What you are asked to do => Go through the entries below from the first line and output each one exactly, up to and including the line with "Tibetan Thangka Pendant".

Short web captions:
+++

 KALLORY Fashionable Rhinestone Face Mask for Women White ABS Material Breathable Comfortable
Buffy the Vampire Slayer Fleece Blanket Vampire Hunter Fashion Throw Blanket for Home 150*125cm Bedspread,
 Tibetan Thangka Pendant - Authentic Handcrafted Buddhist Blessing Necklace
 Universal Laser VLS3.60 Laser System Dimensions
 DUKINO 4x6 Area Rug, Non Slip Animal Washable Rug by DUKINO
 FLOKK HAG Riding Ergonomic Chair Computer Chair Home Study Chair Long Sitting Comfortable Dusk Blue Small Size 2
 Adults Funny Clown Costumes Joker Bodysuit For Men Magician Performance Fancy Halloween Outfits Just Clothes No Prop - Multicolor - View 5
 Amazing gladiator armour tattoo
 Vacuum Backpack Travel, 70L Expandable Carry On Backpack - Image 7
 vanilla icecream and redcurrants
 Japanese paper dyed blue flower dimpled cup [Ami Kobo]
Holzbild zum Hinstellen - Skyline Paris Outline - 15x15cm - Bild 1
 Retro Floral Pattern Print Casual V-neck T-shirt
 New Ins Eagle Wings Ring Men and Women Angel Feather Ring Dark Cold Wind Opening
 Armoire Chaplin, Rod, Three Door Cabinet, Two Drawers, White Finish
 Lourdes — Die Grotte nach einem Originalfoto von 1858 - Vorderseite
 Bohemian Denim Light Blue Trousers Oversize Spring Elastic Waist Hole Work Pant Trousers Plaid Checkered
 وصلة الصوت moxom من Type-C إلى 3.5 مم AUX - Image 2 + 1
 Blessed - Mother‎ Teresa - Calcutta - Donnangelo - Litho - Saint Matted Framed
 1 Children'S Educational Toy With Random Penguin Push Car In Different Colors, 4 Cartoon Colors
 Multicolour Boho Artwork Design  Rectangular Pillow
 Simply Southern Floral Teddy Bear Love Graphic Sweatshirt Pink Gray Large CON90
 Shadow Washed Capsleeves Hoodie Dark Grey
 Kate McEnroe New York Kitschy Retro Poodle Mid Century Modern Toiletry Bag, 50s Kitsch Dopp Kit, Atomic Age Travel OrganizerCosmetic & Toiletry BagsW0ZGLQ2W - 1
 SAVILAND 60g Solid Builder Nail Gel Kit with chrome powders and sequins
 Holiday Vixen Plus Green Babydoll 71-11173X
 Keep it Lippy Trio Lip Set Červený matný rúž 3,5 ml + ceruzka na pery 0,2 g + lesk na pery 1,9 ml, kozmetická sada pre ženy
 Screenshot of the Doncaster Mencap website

+++

Solved problem =>
 KALLORY Fashionable Rhinestone Face Mask for Women White ABS Material Breathable Comfortable
Buffy the Vampire Slayer Fleece Blanket Vampire Hunter Fashion Throw Blanket for Home 150*125cm Bedspread,
 Tibetan Thangka Pendant - Authentic Handcrafted Buddhist Blessing Necklace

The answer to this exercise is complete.